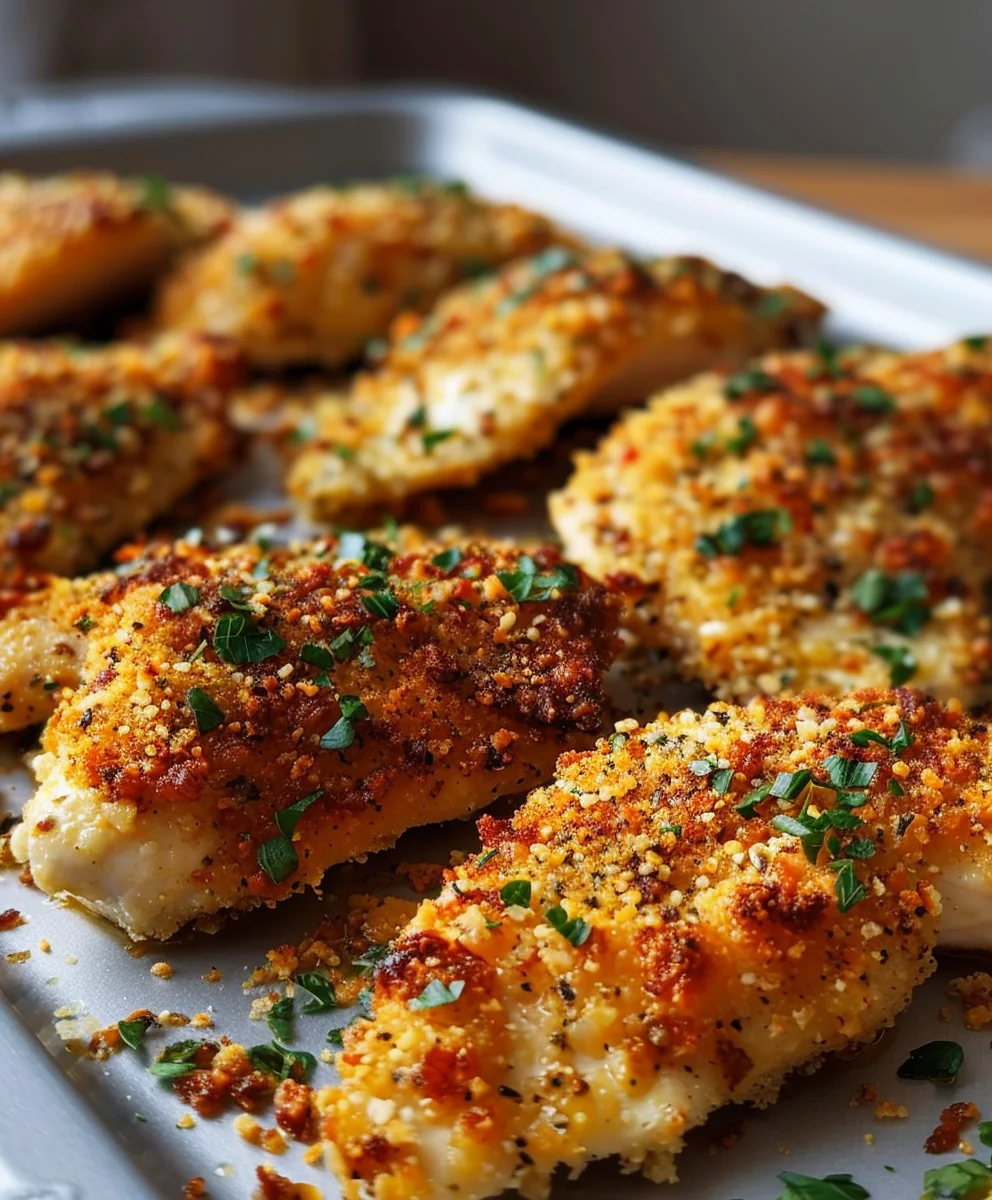 Perfekt Knuspriges Parmesan Knoblauch Hähnchen vom Blech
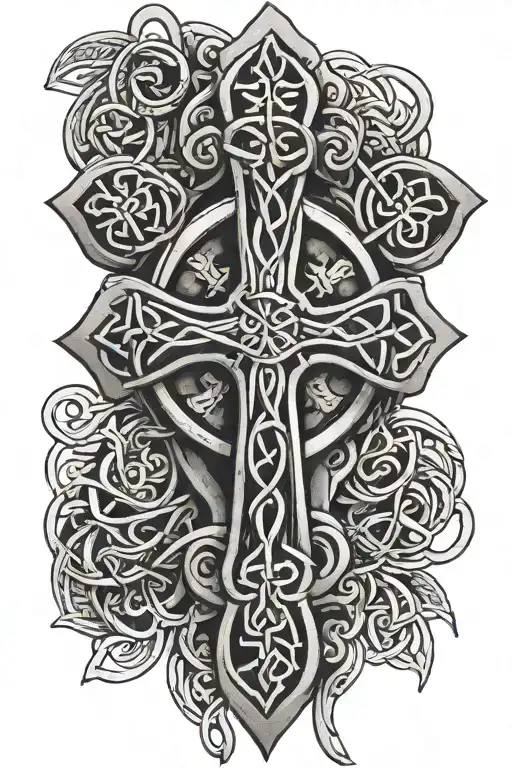 Celtic cross with trinity knot intertwined tattoo design idea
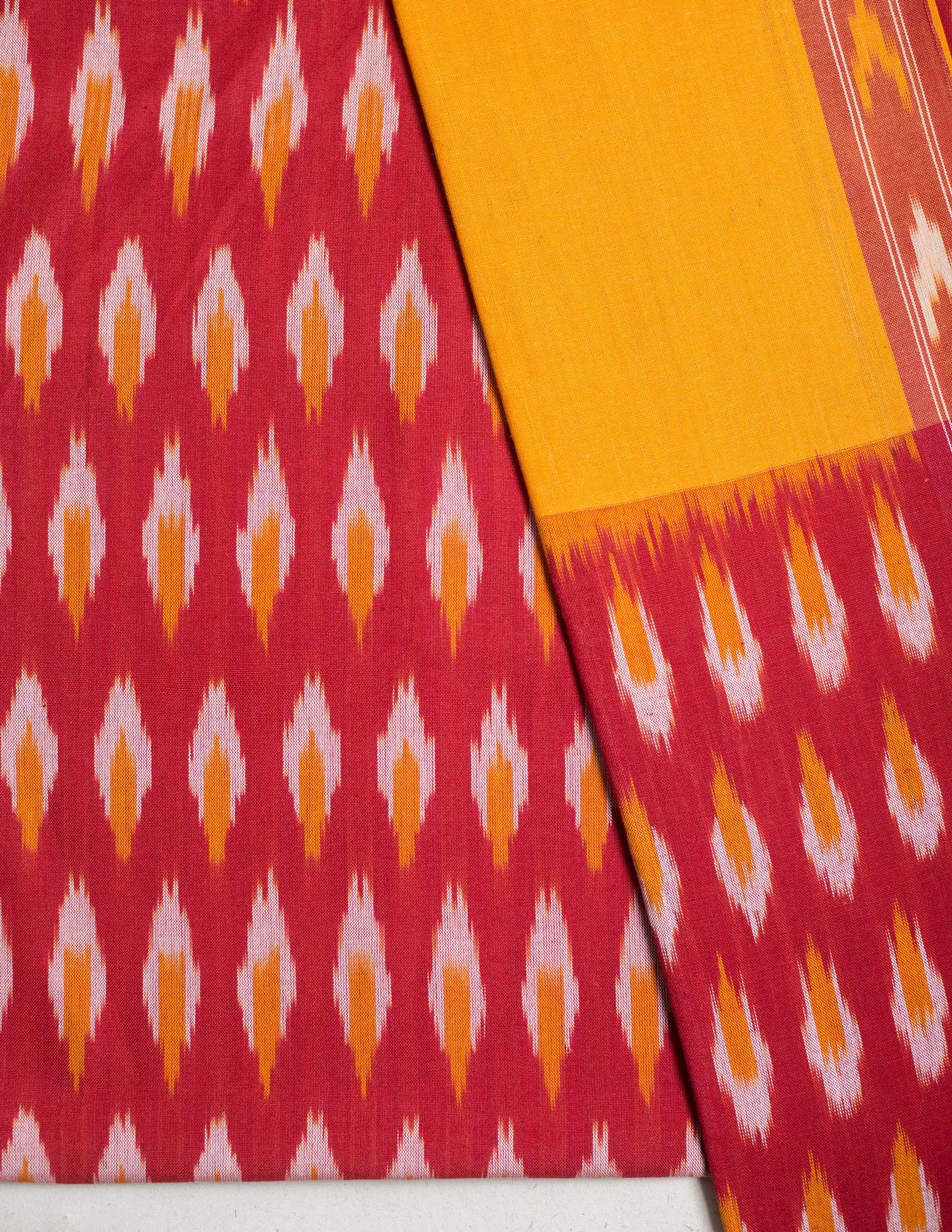 Pochampally Ikat Red Unstitched Suit Set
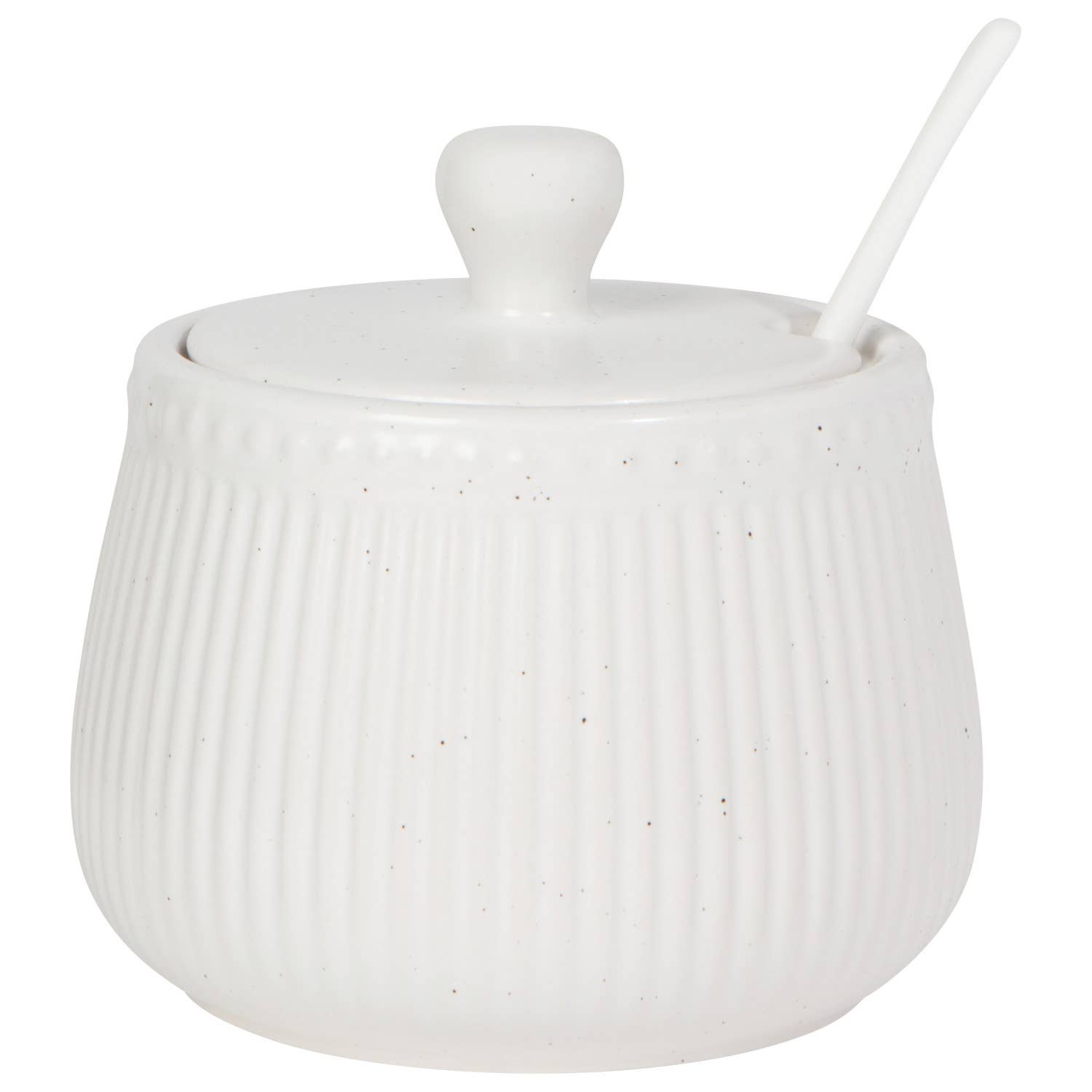 White speckled stoneware sugar pot with fluted texture and lid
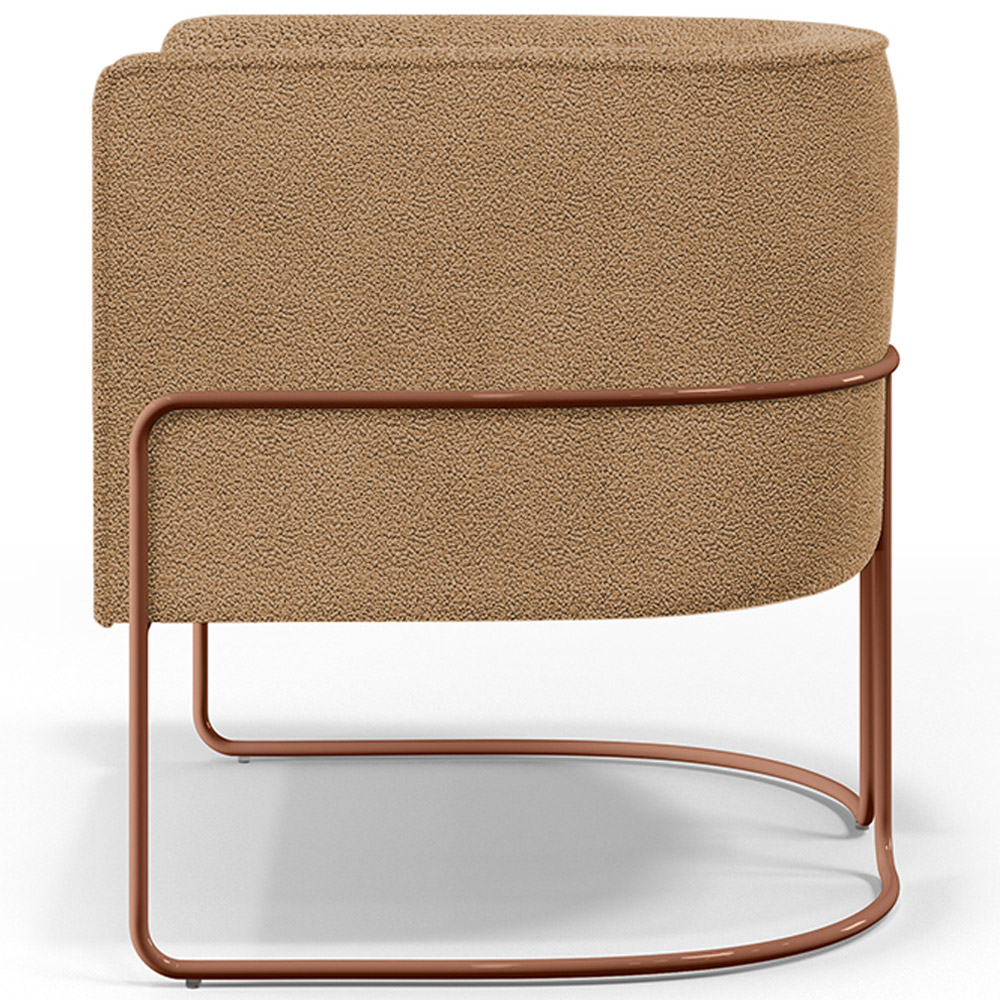 Poltrona Para Sala De Estar Decorativa Fixa Base Aço New Cobre Betina D02 Bouclê Mostarda - Lyam Decor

......

## Problem to solve
Every entry should be repeated verbatim, with the pictures left out.

## Solution
 Perfekt Knuspriges Parmesan Knoblauch Hähnchen vom Blech
 Celtic cross with trinity knot intertwined tattoo design idea
 Pochampally Ikat Red Unstitched Suit Set
 White speckled stoneware sugar pot with fluted texture and lid
 Poltrona Para Sala De Estar Decorativa Fixa Base Aço New Cobre Betina D02 Bouclê Mostarda - Lyam Decor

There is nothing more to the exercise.